It's about almost looking at it as information - not just asa medium but also as a commodity and what we are looking at is new ways of delivering the information?

That's right. That's right. We have to find new ways of doing that if we are going to continue international solidarity we can't keep shipping people in. I work for the Workers Bureau of the United Nations International Labor Organisation, the ILO. Right now it's a fantastic programme. We take people from the developing world - unionists - and we bring them to the centre in Italy for a six weeks programme. These people work their hearts out because they don't have educational programmes where they are and they just stock up knowledge and demand more. But it's very limited. We can only bring together classes of 20 to 25 people at a time to teach them about international labour standards.
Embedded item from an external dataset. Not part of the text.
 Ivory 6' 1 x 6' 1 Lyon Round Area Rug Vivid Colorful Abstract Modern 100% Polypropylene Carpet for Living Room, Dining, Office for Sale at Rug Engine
Health and safety and such and so that's why the Workers Bureau of the ILO has higher meaning than others - to look at developing distance education programmes.

Tell us about the Online University - your master plan?

We are talking about an international labour university. Hopefully built by sharing credit and programmes between unions and colleges and universities around the world. The point to this is not only to build up recognition of international issues but to share responses to that so that we can learn from each other internationally how we can respond to globalisation, and build trade unions in that way. This is a topic that is a possibility but will remain only a possibility if we don't start acting on it.

But it's a move away from the notion of industrial age learning that's confined by national boundaries and also confined by national criteria?

Absolutely. That's it. And we've done it. I did it with SoliNet and you could see that it worked and you could see that the kinds of conversations that you have are radically different than when you have them within a boundary with a couple of international desks. When we have an international conference online we have people from many different countries, and it changes the conversation and its perception, and it changes the responses that are developed.

Is it merely involvement, or is there evaluation and marking involved as well?

If we are going to be serious about an international university, then we have to partner with the universities, learn how to develop very strict curriculum - by strict I mean you've written it out - you know what it is - you know where you are headed and what is the middle, the end and all the rest of it is, as well as learning to share credentials around each other.

Now, the problem that we have is that this concept is not only a radical one for the labour movement, it's a radical one for the university community itself. They don't share their credit, they don't do international work, and most of them are going to disappear if they don't get online anyway.

So, how far is this from becoming a reality?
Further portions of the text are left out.